Obviously, the main attraction here is the tantalizing idea of one of our most beloved and idiosyncratic current performers, Phoenix, taking on a role this juicy on such a grand scale. The actor’s work here is largely in the realm of caricature, though, doubling down on pomposity with a little too much snark; even in his dealings with his beloved Josephine (Vanessa Kirby), supposedly the love of his life and the deep-down-he-just-wants-love motivation for all of his actions, he never seems more than possessive and confused. Kirby, for her part, does what she can with what at this runtime is a massively underwritten role.
Clearly, the intent here is of a humorous bent, and in fact, Napoleon is honestly funnier than it is anything else, but the entire film feels rushed, not to mention heavily truncated. Scott reportedly hacked it of some 90-odd minutes that will be restored once Napoleon lands at its final destination, Apple’s streaming service, which is genuinely a hopeful state of affairs — Scott’s long cuts have historically tended to offer vast improvements. But by stripping out what feels like an awful lot of connective tissue and nuance of character, the grand farce of ego and history and thwarted masculinity ends up being much closer to a rote pageant, a by-the-book historical epic that largely plays it safe.
That aside, Scott’s formal abilities clearly have not diminished with age. Napoleon is packed with battle scenes, and while there’s nothing specific here that you haven’t witnessed before, the sheer scale of these sequences and the seemingly casual confidence with which they’ve been achieved is undeniably impressive. Leave it to the guy who basically resurrected this genre for the era of mega-budget studio filmmaking to make the most of the assignment, although there’s a little something lost with the march of time; we’re used to these battle scenes being laced with beheadings and impalements, but artillery and firearm technology has left us with muskets and cannons rather than swords and spears and fire.
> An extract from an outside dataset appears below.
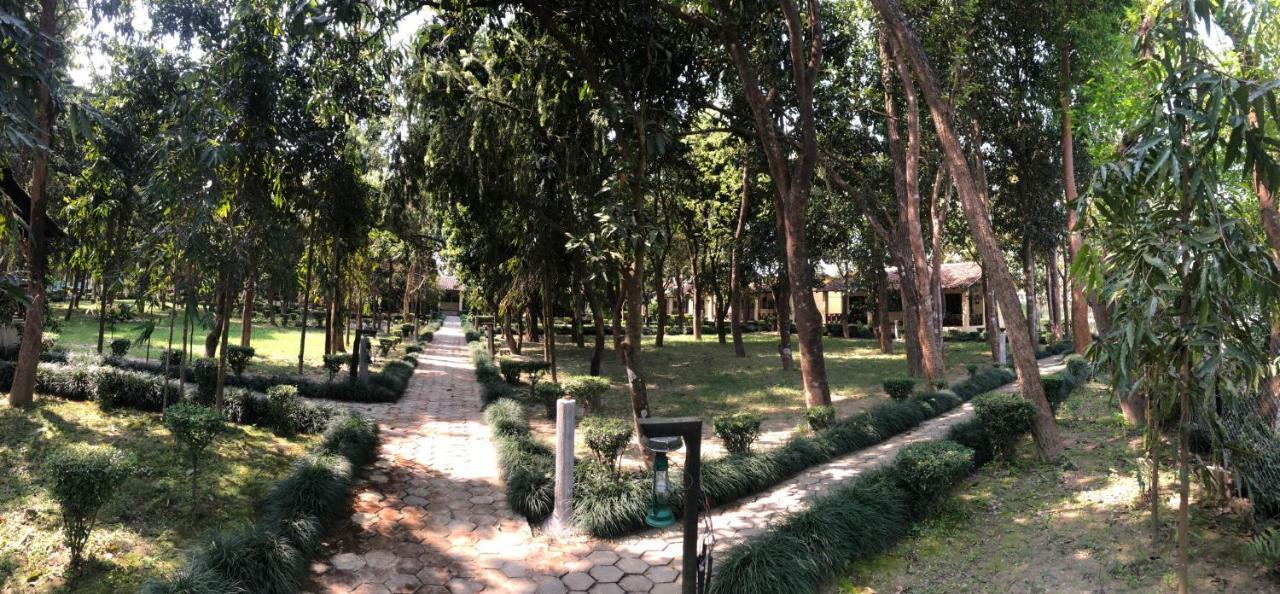 Rhino Lodge Bardia Pvt Ltd Bardiya Екстер'єр фото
The fights do become a tad monotonous without the frequent bursts of grue that Ridley made the most of in the likes of Gladiator or Kingdom of Heaven.
In the end, Napoleon is a surprisingly funny affair and a jaunty enough work of blockbuster filmmaking, but one can sense the broader, bolder, more introspective, and yes, even funnier film that’s been trimmed to a length more allegedly suitable for theatrical butt endurance. When other filmmakers — successfully or not — are releasing 220-minute late-in-life historical dramas, Scott’s ruthlessness, ambition, and pragmatism seemingly won’t allow him to take that risk, even when he clearly can do whatever he wants. Whatever the case, that ruthlessness seems to have been a Waterloo of sorts for his own project.
DIRECTOR: Ridley Scott; CAST: Joaquin Phoenix, Vanessa Kirby, Tahar Rahim, Ben Miles, Ludivine Sagnier; DISTRIBUTOR: Apple Original Films/Columbia Pictures; IN THEATERS: November 22; RUNTIME: 2 hr. 38 min.